The two countries were named as the world’s biggest catchers of sharks in an EU-backed probe into implementing a new pact to protect seven threatened species of sharks and rays. They head the list of 20 countries that together account for nearly 80 per cent of total shark catch reported between 2002 and 2011.
The others, in descending order, are Spain, Taiwan, Argentina, Mexico, the United States, Malaysia, Pakistan, Brazil, Japan, France, New Zealand, Thailand, Portugal, Nigeria, Iran, Sri Lanka, South Korea and Yemen.
The study, Into the deep: Implementing CITES measures for commercially-valuable sharks and manta rays was commissioned by the European Commission and written in the wake of the shark and manta ray species being listed within the Appendices of CITES (the Convention on International Trade in Endangered Species of Wild Fauna and Flora) at a meeting held in Bangkok, Thailand, in March this year.
Oceanic Whitetip shark
They include the Oceanic Whitetip shark, Porbeagle shark, three species of hammerhead shark (Scalloped, Great and Smooth) and manta rays, all of them subject to continued over-exploitation. The species are all slow growing, late to mature and produce few young, making them highly susceptible to over-fishing.
“There was great elation when these sharks and manta rays were listed in CITES this March, but although it was a significant moment for the conservation world, now comes the task of making these listings work in practice as time is running out for some of these species,” said Glenn Sant, TRAFFIC’s Marine Programme Leader.
“CITES listings do not take away the need for comprehensive fisheries management, they represent one critical part of that management through aiming to control trade and prevent international trade in products of these species being sourced from unsustainable or illegal fisheries.”
Sharks and rays
Mr Hugo Schally, Head of Unit in the Directorate-General for Environment of the European Commission said: “This report provides a comprehensive picture of the situation of the sharks and rays listed at the last CITES Conference of the Parties as well as of the challenges ahead to ensure that international trade in those species becomes sustainable.
“It also shows that many countries and stakeholders are working together and planning joint activities to ensure proper implementation of the CITES shark and ray listings.
“This information will prove very useful to the EU which granted €1.2 Million to the CITES secretariat to carry out a capacity-building programme specifically targeted at countries involved in the harvest of and trade in CITES-listed sharks and rays.”
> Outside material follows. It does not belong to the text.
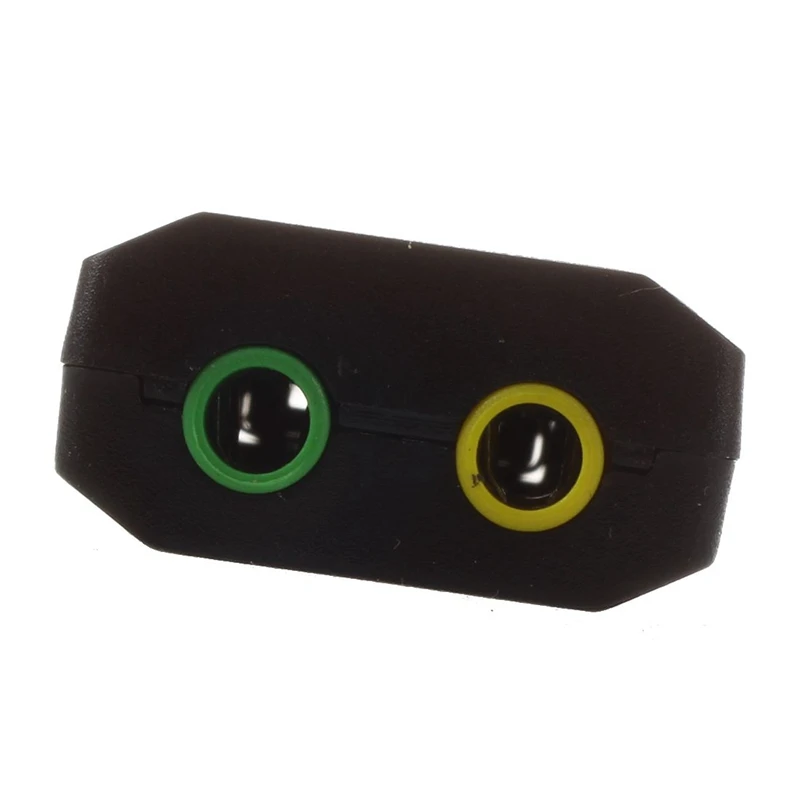 USB 3D Аудио Звуковая карта адаптер для наушников miniphone|Звуковые карты| |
The new listings have been delayed coming into effect until 14th September 2014, to give CITES Parties adequate time to prepare for their implementation, including guidance for range States on how to determine what levels of trade are sustainable for the species concerned—a requirement under CITES for trade to be permitted.
Catch and population
The study revealed a lack of basic information on the levels of catch and population status of the newly listed marine species, with an urgent need to improve the identification of species in trade, reporting of their trade and for further research, assessment and monitoring to determine the impacts of trade on populations. The study also highlighted the need to ensure domestic regulatory frameworks and administrative structures are adequate to support the implementation of CITES trade controls.
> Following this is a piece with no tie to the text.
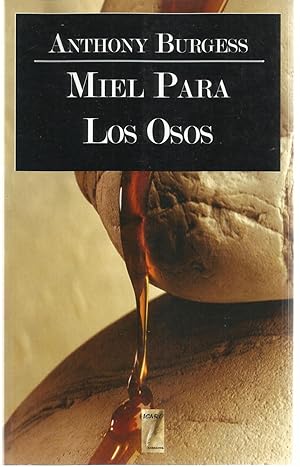 Imagen del vendedor de Miel para los osos a la venta por TU LIBRO DE OCASION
The study also examined the very different dynamics influencing the trade in the species concerned—the manta rays are chiefly traded for their gill rakers, used in traditional Asian medicines, while Porbeagle is mainly caught for its meat, hammerhead sharks caught both for local consumption of their meat and international trade in their fins and the larger Oceanic Whitetip caught for its highly valued fins, destined for markets in East Asia, particularly Hong Kong.
Some of the species examined are specifically targeted by fishing operations, while others are a secondary, but valuable, catch when targeting other species such as tuna. Given the different markets involved in the trade and uses involved, this creates highly complex trade chains which the new study attempts to unravel.